Модели современной физики отличаются от моделей старой, „механической" физики тем, пишет физик и философ, академик М.А.Марков, что прежние модели были уменьшенной копией действительности, были „работающими" моделями. Нынешние же наглядные модели - особые, „неработающие", но тем не менее делающие свое дело. Они играют роль иллюстрации к какой-то одной стороне сложного явления, именуемого микромиром, ибо из наших макромaтериалов принципиально невозможно построить микромирные, не ощущаемые руками и зрением, вещи и явления. Поэтому физик создает несколько моделей, каждая для своей стороны микромирной целостности, а потом мысленно сливает их воедино.

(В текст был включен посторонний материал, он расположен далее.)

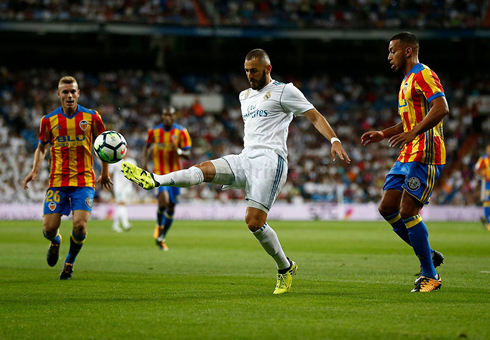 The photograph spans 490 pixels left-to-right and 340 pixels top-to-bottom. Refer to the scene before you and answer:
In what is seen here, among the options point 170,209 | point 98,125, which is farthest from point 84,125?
point 170,209

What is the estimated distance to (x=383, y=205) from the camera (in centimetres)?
749

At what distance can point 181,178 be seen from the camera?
643 cm

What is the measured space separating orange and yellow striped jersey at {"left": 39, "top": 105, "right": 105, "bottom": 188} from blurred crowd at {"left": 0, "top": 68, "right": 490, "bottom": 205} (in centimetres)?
2068

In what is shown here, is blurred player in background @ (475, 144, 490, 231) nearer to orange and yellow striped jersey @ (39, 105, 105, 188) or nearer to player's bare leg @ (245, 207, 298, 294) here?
orange and yellow striped jersey @ (39, 105, 105, 188)

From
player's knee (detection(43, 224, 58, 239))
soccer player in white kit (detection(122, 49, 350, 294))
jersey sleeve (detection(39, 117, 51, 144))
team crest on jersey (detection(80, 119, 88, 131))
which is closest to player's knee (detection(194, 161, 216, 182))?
soccer player in white kit (detection(122, 49, 350, 294))

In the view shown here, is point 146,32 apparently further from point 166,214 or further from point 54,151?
point 54,151

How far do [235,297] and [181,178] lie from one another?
4.32 feet

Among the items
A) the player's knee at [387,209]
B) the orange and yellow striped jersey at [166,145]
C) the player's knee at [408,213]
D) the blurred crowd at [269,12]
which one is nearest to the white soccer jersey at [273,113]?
the player's knee at [387,209]

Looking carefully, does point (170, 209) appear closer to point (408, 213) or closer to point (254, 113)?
point (254, 113)

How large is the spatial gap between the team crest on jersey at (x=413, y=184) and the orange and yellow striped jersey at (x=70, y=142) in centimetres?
416

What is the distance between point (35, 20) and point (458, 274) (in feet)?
103

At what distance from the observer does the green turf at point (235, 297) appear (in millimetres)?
4828

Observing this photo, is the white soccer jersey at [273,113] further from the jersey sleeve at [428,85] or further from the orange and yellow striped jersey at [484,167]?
the orange and yellow striped jersey at [484,167]

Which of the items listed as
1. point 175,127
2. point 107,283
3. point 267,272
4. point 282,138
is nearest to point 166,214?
point 175,127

Вот почему, если речь справедливо называют инструментом абстрактного мышления, правомерно называть зрение „предметным, конкретным мышлением", постулирует Глезер в своей последней книге „Зрение и мышление", идеями которой я во многом пользуюсь. Действительно, крайне интересные параллели существуют между восприятием какой-либо сцены с помощью зрения и восприятием словесного сообщения с помощью слуха. В мозгу для зрительного образа оказывается чрезвычайно мало вариантов пространственных отношений между подобразами (то, что мы хотя и редко, но ошибаемся, говорит о некотором разнообразии вариантов). Точно так же для речи ничтожно число вариантов увязки последовательности слов с грамматикой (без которой порой невозможно раскрыть содержание фразы), общим контекстом и предполагаемыми намерениями собеседника (то есть представлением о будущей картине мира, потребной собеседнику).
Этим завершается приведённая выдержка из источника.